Build a RAG System Without Embeddings or Vector Databases
PageIndex turns documents into navigable trees. An LLM reasons through the hierarchy to find answers — no embeddings, no similarity search, just structured retrieval.
AI Tools | RAG Systems | Information Retrieval | March 2026 ~14 min read
The Problem With Vector Search
Every RAG tutorial starts the same way: chunk your documents, generate embeddings, store them in a vector database, then retrieve by similarity search. This works. It also has problems that nobody talks about in the getting-started guides.
Embedding-based retrieval finds text that looks similar to your query. It does not understand document structure. A query about “shipping policies” might retrieve chunks from the returns section because both mention “days” and “refund.” The embedding model saw word overlap; it did not see that these are completely different topics in the table of contents.
Chunking destroys context. A 500-token chunk that starts mid-paragraph and ends mid-sentence loses the meaning that came from its position in the document. The chunk about “international shipping rates” makes less sense when you cannot see that it was a subsection of “Shipping Options” which was under “Order Fulfillment.”
Vector databases add infrastructure. Pinecone, Weaviate, Qdrant, Chroma — these are real systems that need to be provisioned, indexed, and maintained. For a simple Q&A bot over internal documentation, spinning up a vector store feels like bringing a forklift to move a chair.
There is another way.
How Humans Actually Search Documents
When you want to find something in a textbook, you do not read every page from the beginning. You open the table of contents, find the right chapter, look at the sections inside it, and go directly to the one you need.
This is hierarchical search. You navigate a tree structure, making decisions at each level about which branch to follow. The table of contents is your index. Your brain is the reasoning engine that picks the right path.
PageIndex works the same way. You give it a document, it builds a tree where each branch is a section and each leaf is the actual text, and then when you ask it a question, an LLM navigates that tree level by level to find the right answer.
No embeddings. No similarity search. Just an LLM reasoning through a hierarchy, the same way you would flip through a well-organized manual.
The Architecture
The system has two phases: index time (runs once per document) and query time (runs per question).
Index Time:
Document → LLM Segmentation → Hierarchical Tree → LLM Summarization → JSON Index
- The document goes to an LLM that splits it into top-level sections
- Long sections get split recursively into subsections
- Each node gets an LLM-generated summary, built bottom-up
- The tree is serialized to JSON for reuse
Query Time:
Question → Load Index → Tree Navigation (LLM picks branches) → Leaf Content → LLM Answer
- Load the pre-built tree from JSON
- Start at root, show the LLM all children’s summaries
- LLM picks the most relevant child
- Repeat until reaching a leaf node
- Pass leaf content + question to LLM for final answer
The key insight: summaries at each level let the LLM make informed routing decisions without reading the full text. A root summary of “Document covers returns, shipping options, and account setup” tells the LLM immediately which branch to take for a shipping question.

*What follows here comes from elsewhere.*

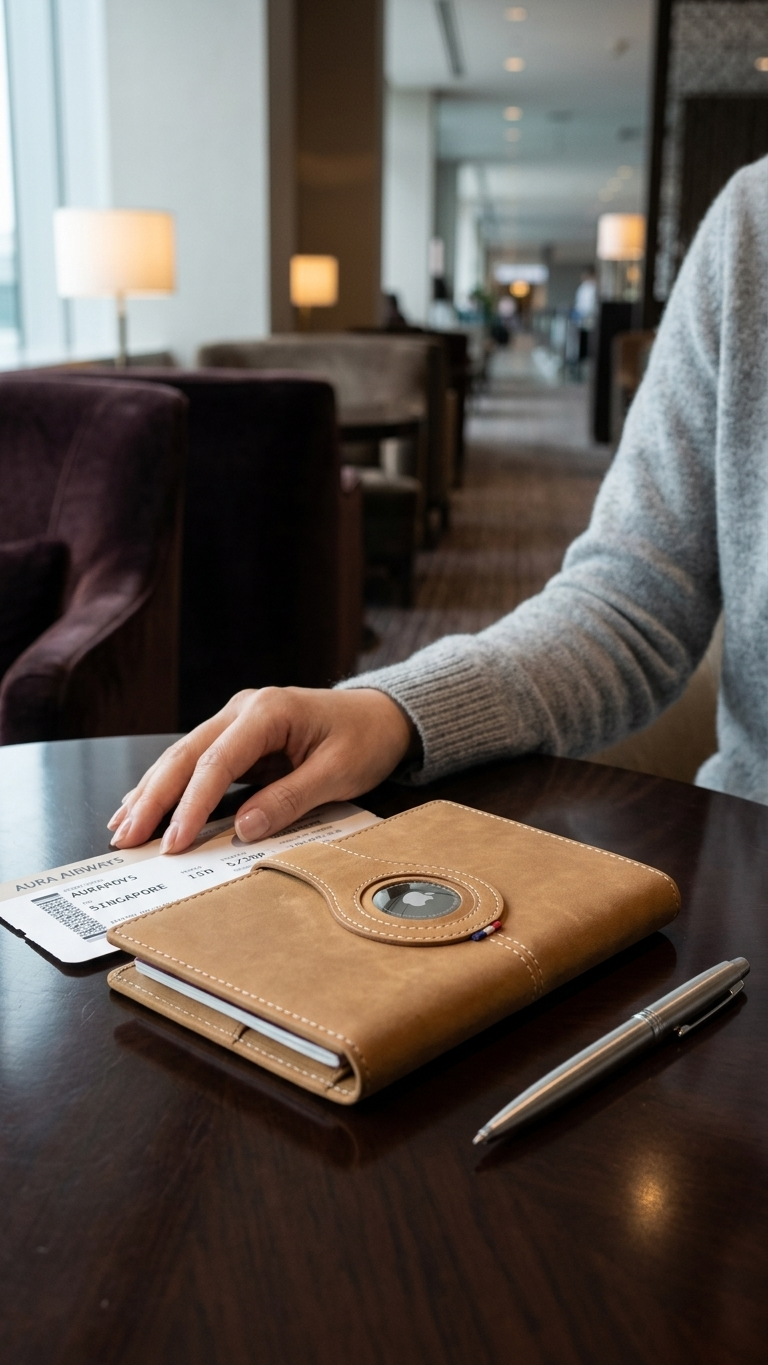 A leather RFID passport wallet on a wooden table beside a boarding pass and pen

Step 1: Define the Node Structure
Every section of the document becomes a PageNode. It stores a title, raw text (for leaves), a summary (generated by LLM), and its children.
from dataclasses import dataclass, field
from typing import Optional
@dataclass
class PageNode:
title: str
content: str # raw text, populated at leaves
summary: str # generated by LLM, populated by indexer
depth: int # 0 = root, 1 = section, 2 = subsection
children: list = field(default_factory=list)
parent: Optional["PageNode"] = None
def is_leaf(self) -> bool:
return len(self.children) == 0
Simple. A node is either a leaf (has content, no children) or an inner node (has children, content lives in descendants).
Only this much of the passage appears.